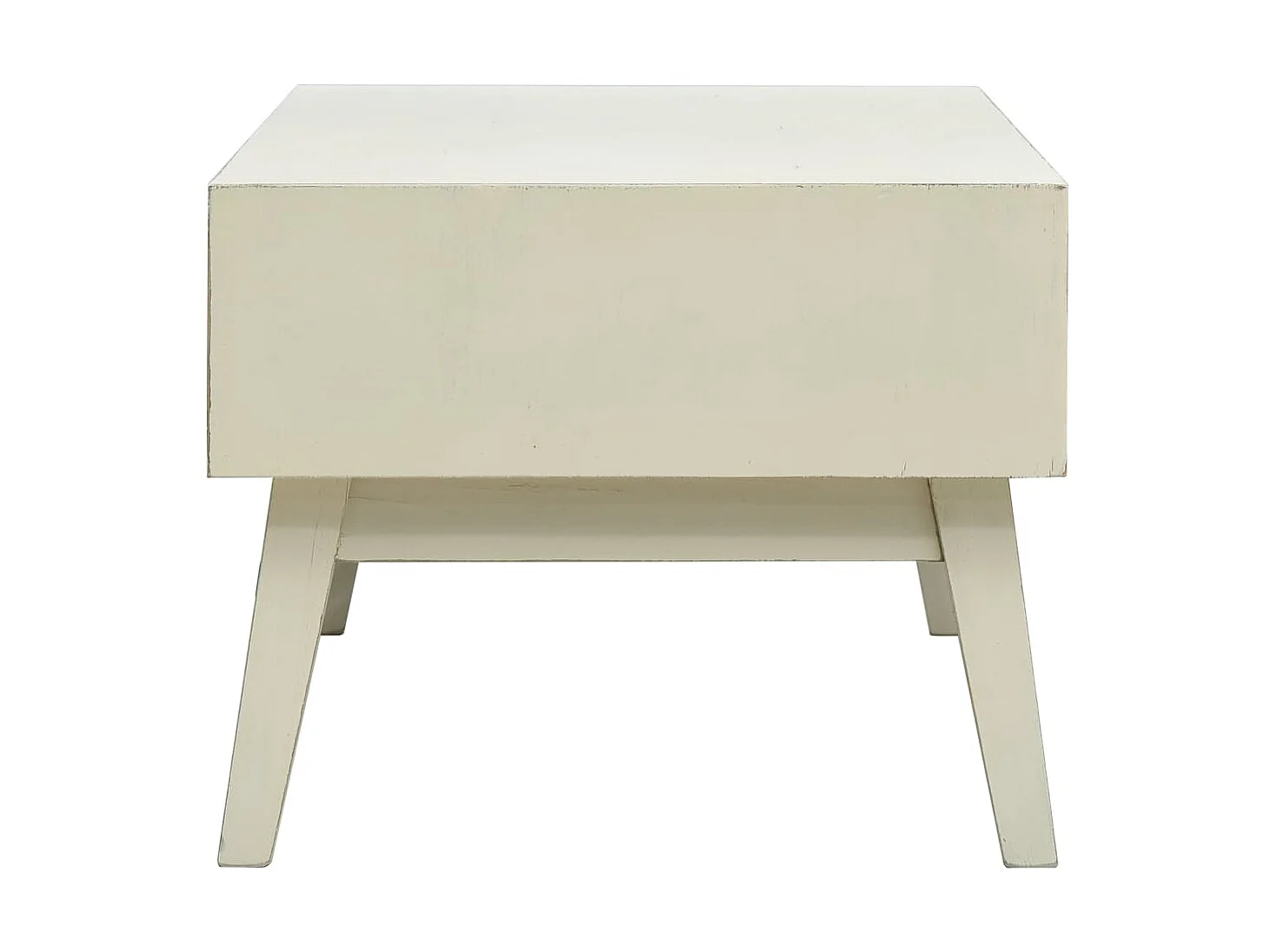 Couchtisch Beistelltisch mit 2 Schubladen Schnitzerei Grau 110x50x40 cm Holz -MN43976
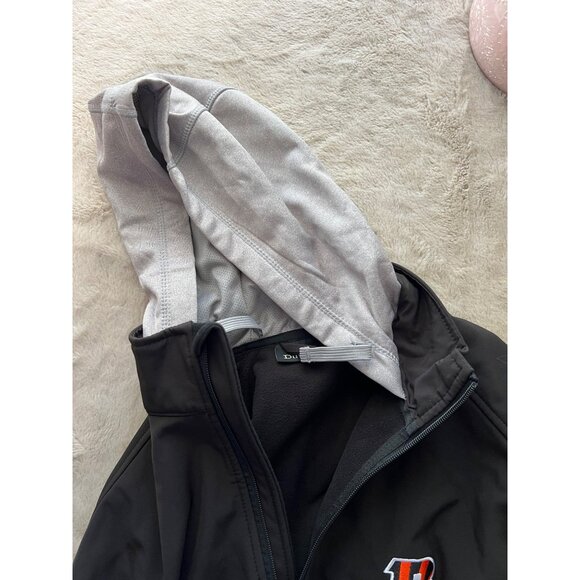 Cincinnati Bengals Full-Zip Hooded Jacket By Dunbrooke - Size L - NFL Team Appar - Picture 12 of 13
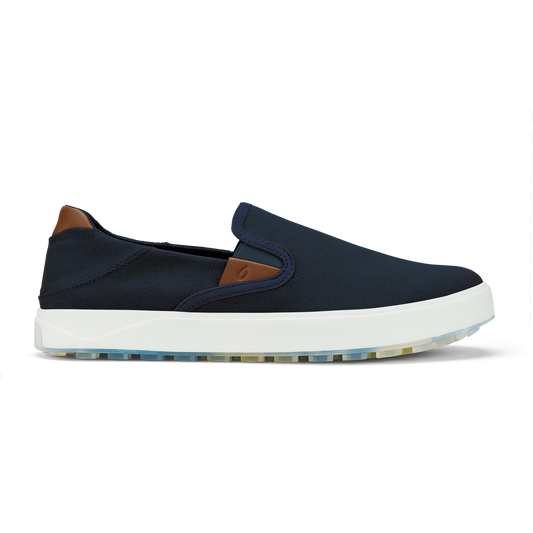 OluKai Great Value - Wai‘alae Slip On Men’s Golf Shoes - Trench Blue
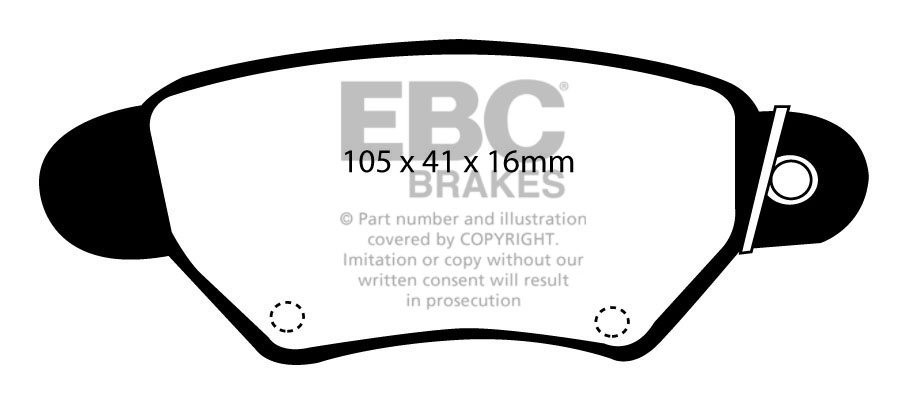 EBC Brakes VAUXHALL (OPEL) Astra Cabriolet 1.8 2000-2004 Remblok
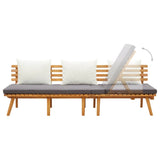 NNEVL Garden Day Bed 200x65 cm Solid Wood Acacia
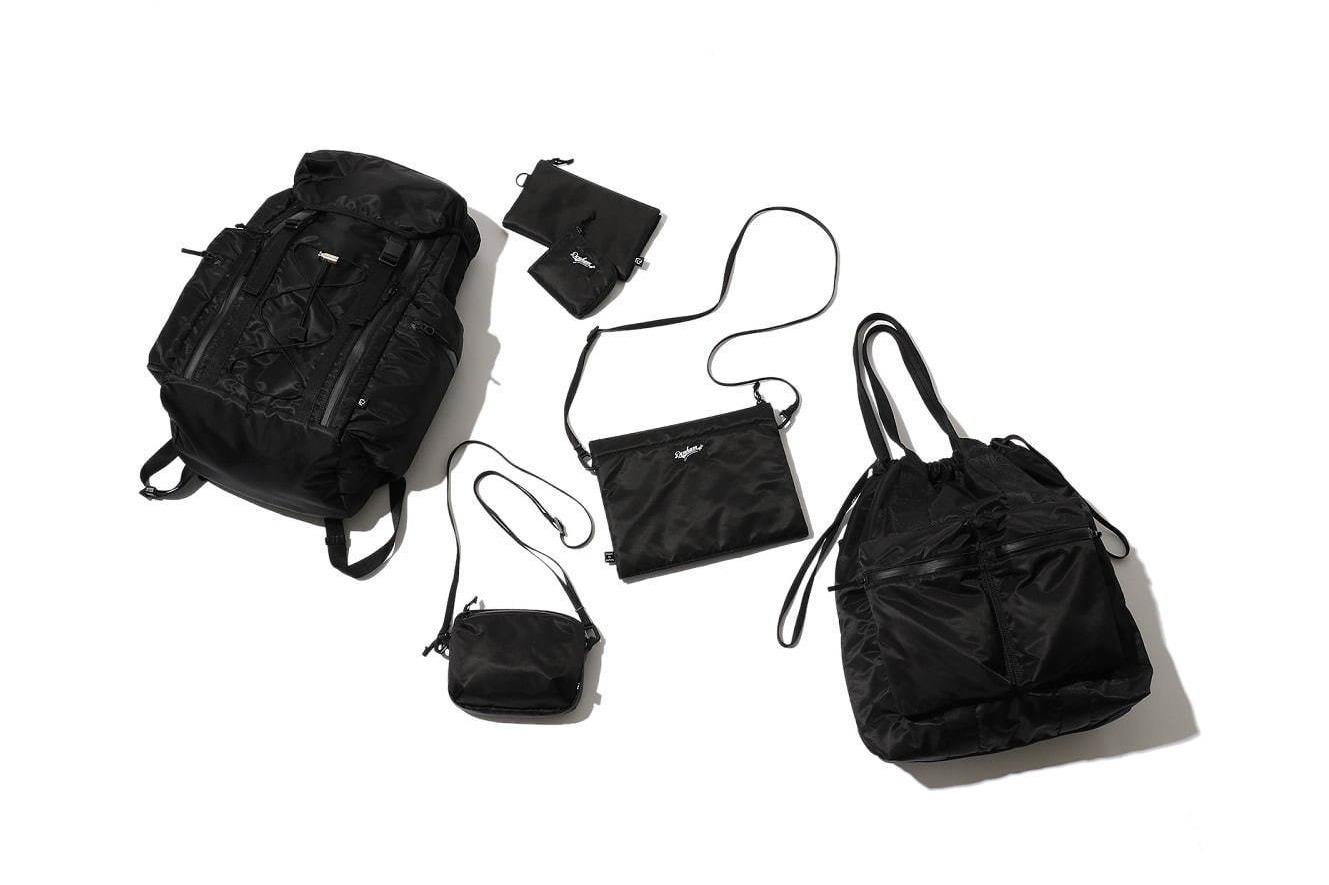 デンハム×ラミダスのバッグ&財布"オールブラック"のナイロン素材で、2WAY仕様のポーチも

········

WHAT TO PRODUCE:
Copy every entry above exactly as it stands, but leave the pictures out.

SOLVED PROBLEM:
 Couchtisch Beistelltisch mit 2 Schubladen Schnitzerei Grau 110x50x40 cm Holz -MN43976
 Cincinnati Bengals Full-Zip Hooded Jacket By Dunbrooke - Size L - NFL Team Appar - Picture 12 of 13
 OluKai Great Value - Wai‘alae Slip On Men’s Golf Shoes - Trench Blue
 EBC Brakes VAUXHALL (OPEL) Astra Cabriolet 1.8 2000-2004 Remblok
 NNEVL Garden Day Bed 200x65 cm Solid Wood Acacia
 デンハム×ラミダスのバッグ&財布"オールブラック"のナイロン素材で、2WAY仕様のポーチも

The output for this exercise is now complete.